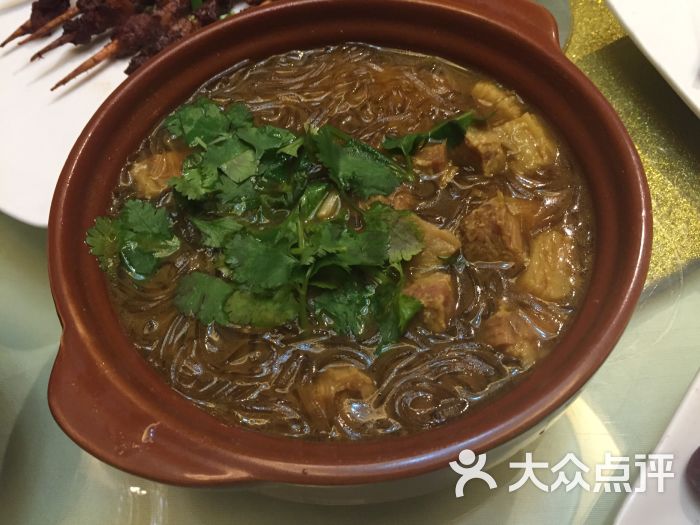 牛肉砂锅粉丝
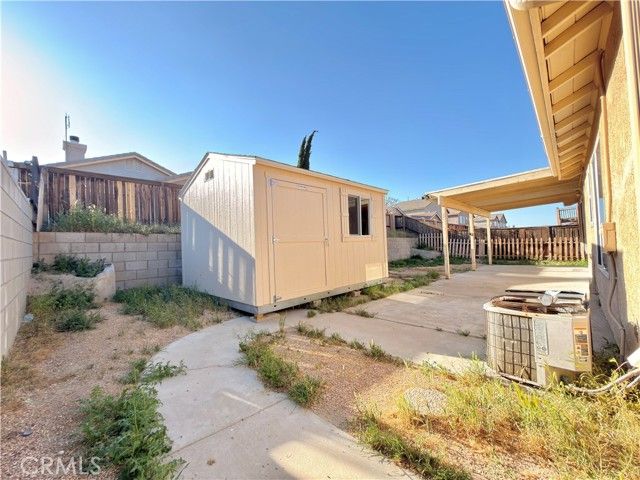 9356 Nolina, Hesperia, CA 92344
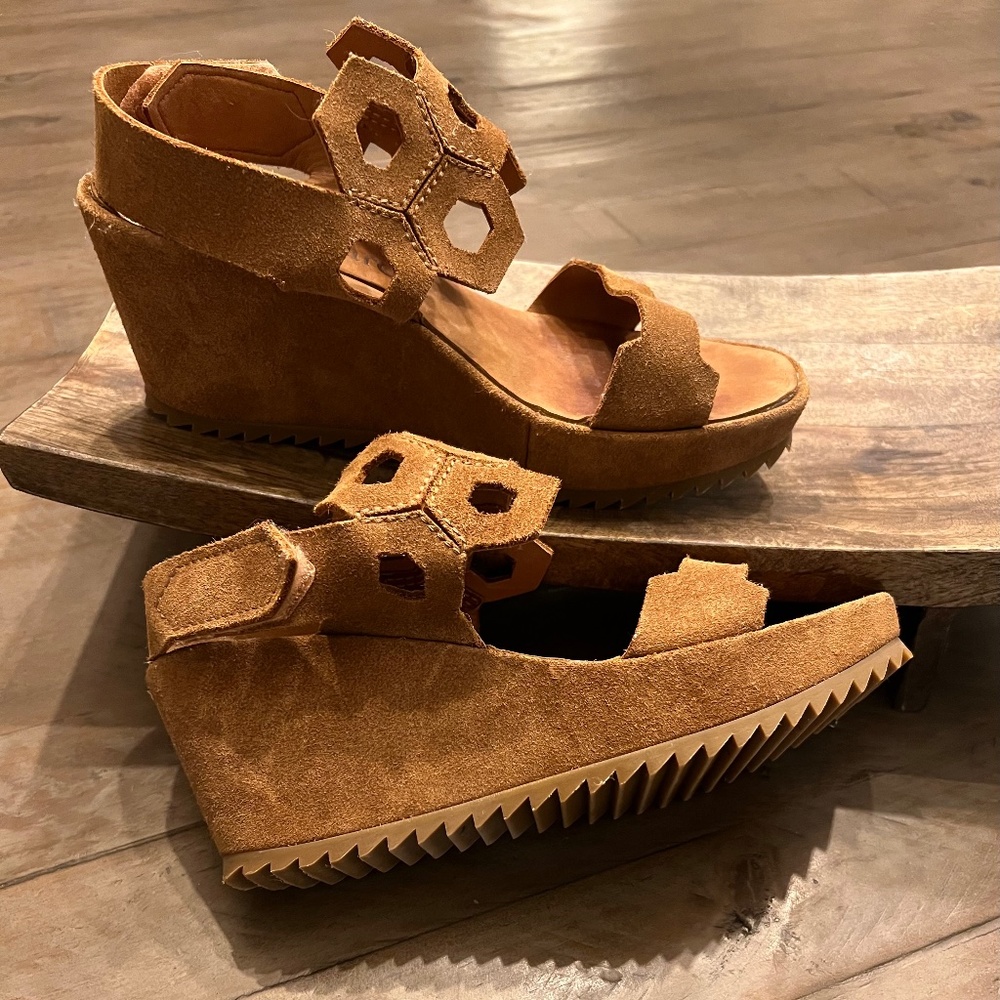 Pedro Garcia Suede Wedge Sandal - Size 8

:: About this exercise ::
Copy out the whole listing exactly. Skip its pictures.

:: Output ::
 牛肉砂锅粉丝
 9356 Nolina, Hesperia, CA 92344
 Pedro Garcia Suede Wedge Sandal - Size 8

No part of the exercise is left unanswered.